* Data shown:

*** Block opens ***

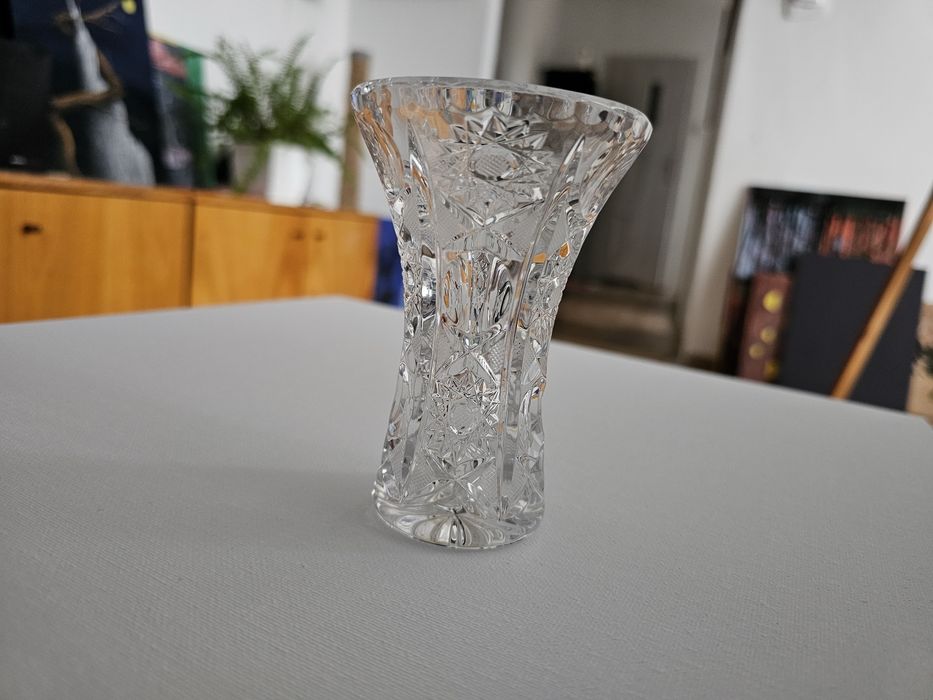 Mały wazonik kryształowy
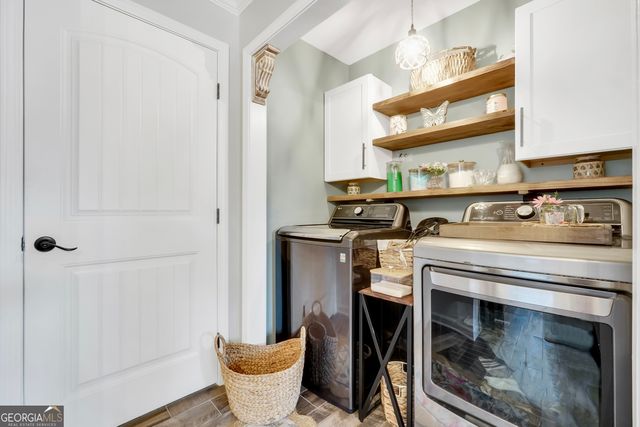 298 Roberts Point Road, Jackson, GA 30233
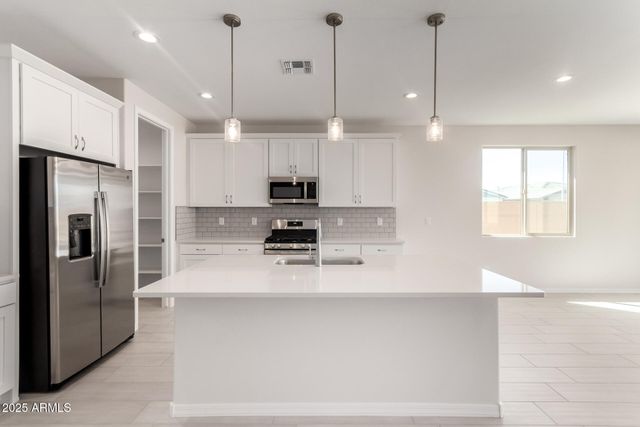 5036 W ROUNDHOUSE Road, Laveen, AZ 85339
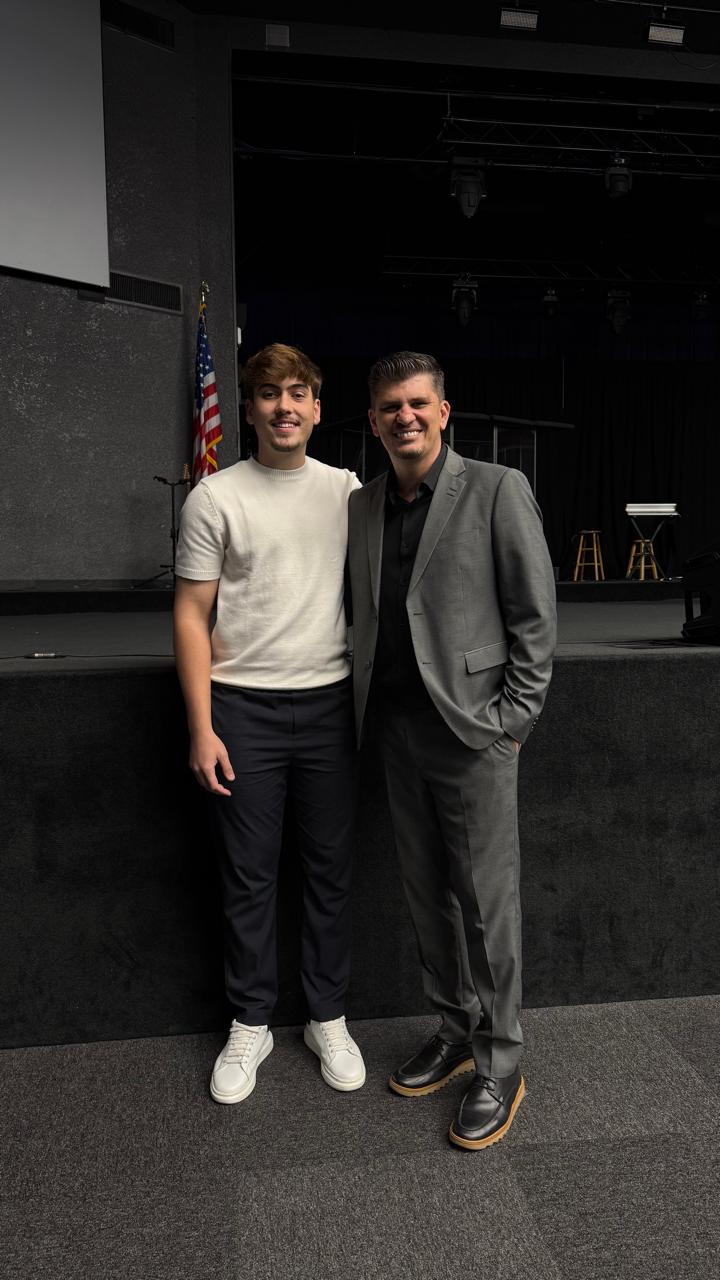 Apóstolo Fabrício Martins 16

*** Block closes ***

* Task:
Without including any image, reproduce the full listing above as written.

* Response:
 Mały wazonik kryształowy
 298 Roberts Point Road, Jackson, GA 30233
 5036 W ROUNDHOUSE Road, Laveen, AZ 85339
 Apóstolo Fabrício Martins 16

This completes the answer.